** Task **
Below is a listing; transcribe it exactly but without any images.

** Given information **
------------------------
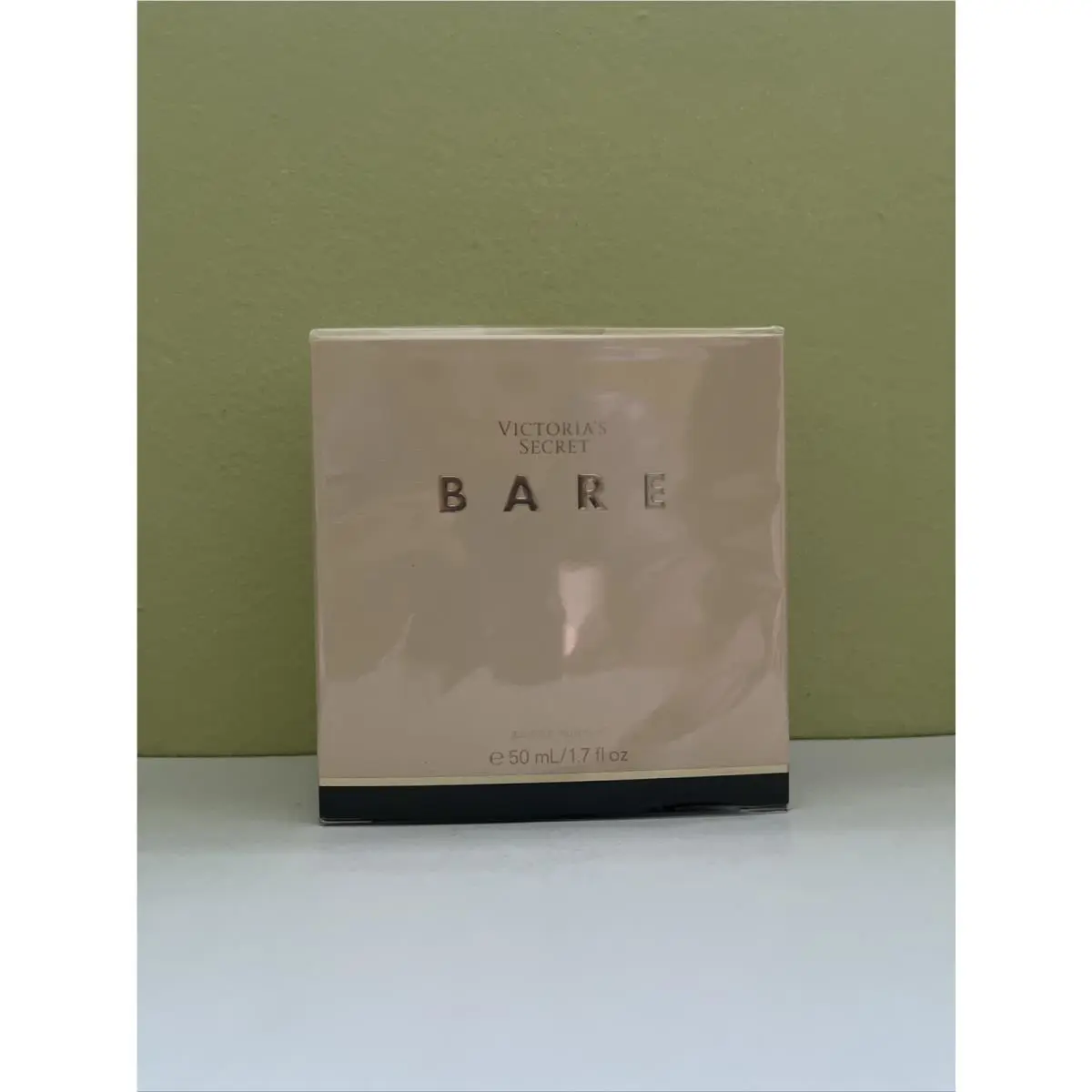 1 Victoria`s Secret Bare Eau De Parfum Perfume Edp 1.7oz/50ml by Victoria's Secret
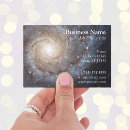 Search for galaxy business cards Stars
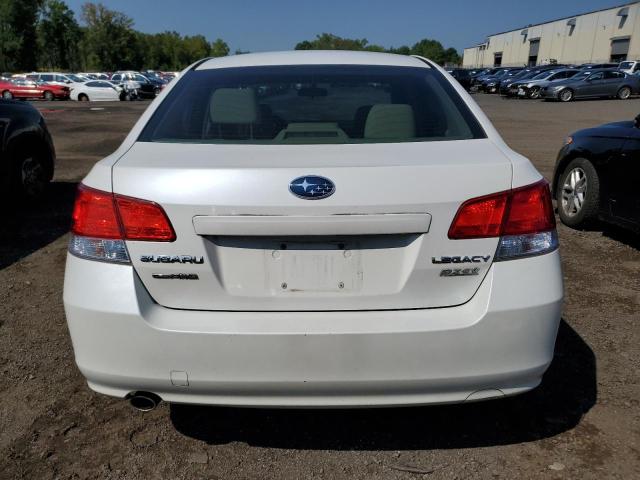 Фото 6 с аукциона – 2011 SUBARU LEGACY 2.5 с VIN 4S3BMBC61B3239924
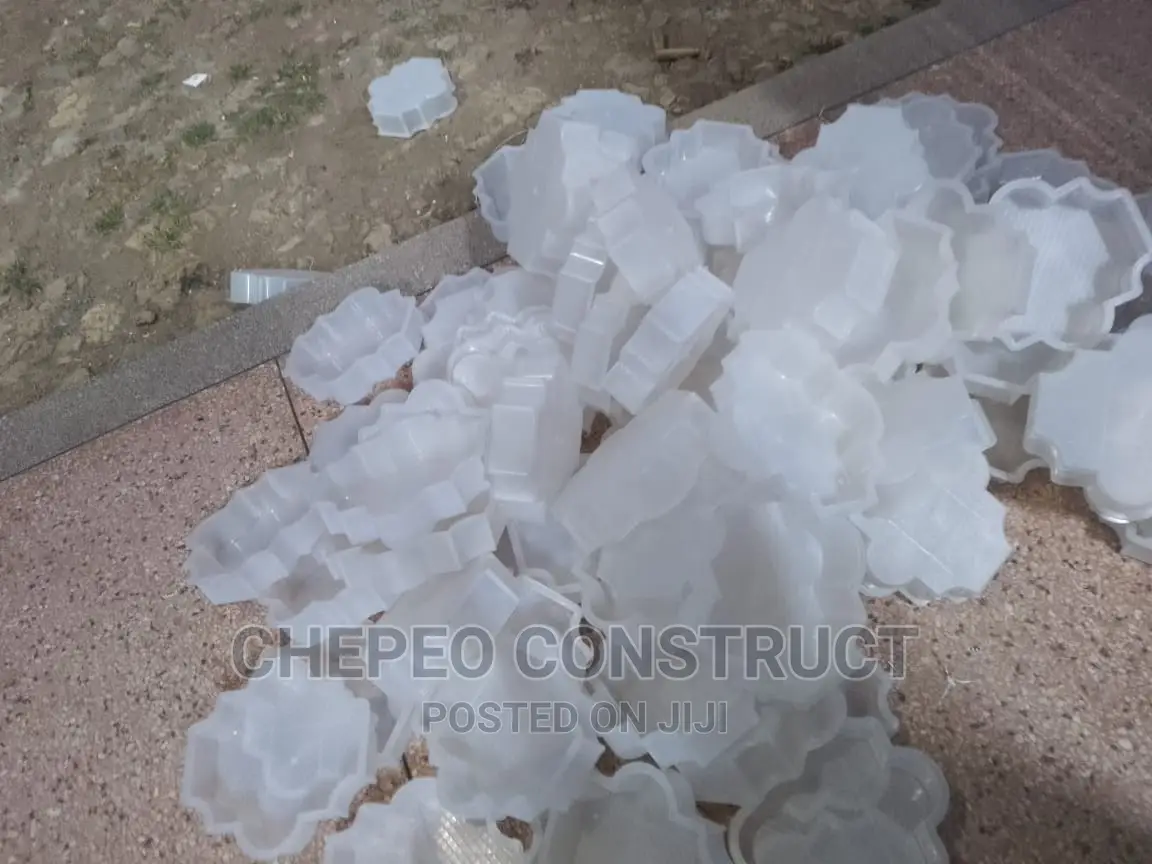 Durable Cabro Pavers Mould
------------------------
** Result **
 1 Victoria`s Secret Bare Eau De Parfum Perfume Edp 1.7oz/50ml by Victoria's Secret
 Search for galaxy business cards Stars
 Фото 6 с аукциона – 2011 SUBARU LEGACY 2.5 с VIN 4S3BMBC61B3239924
 Durable Cabro Pavers Mould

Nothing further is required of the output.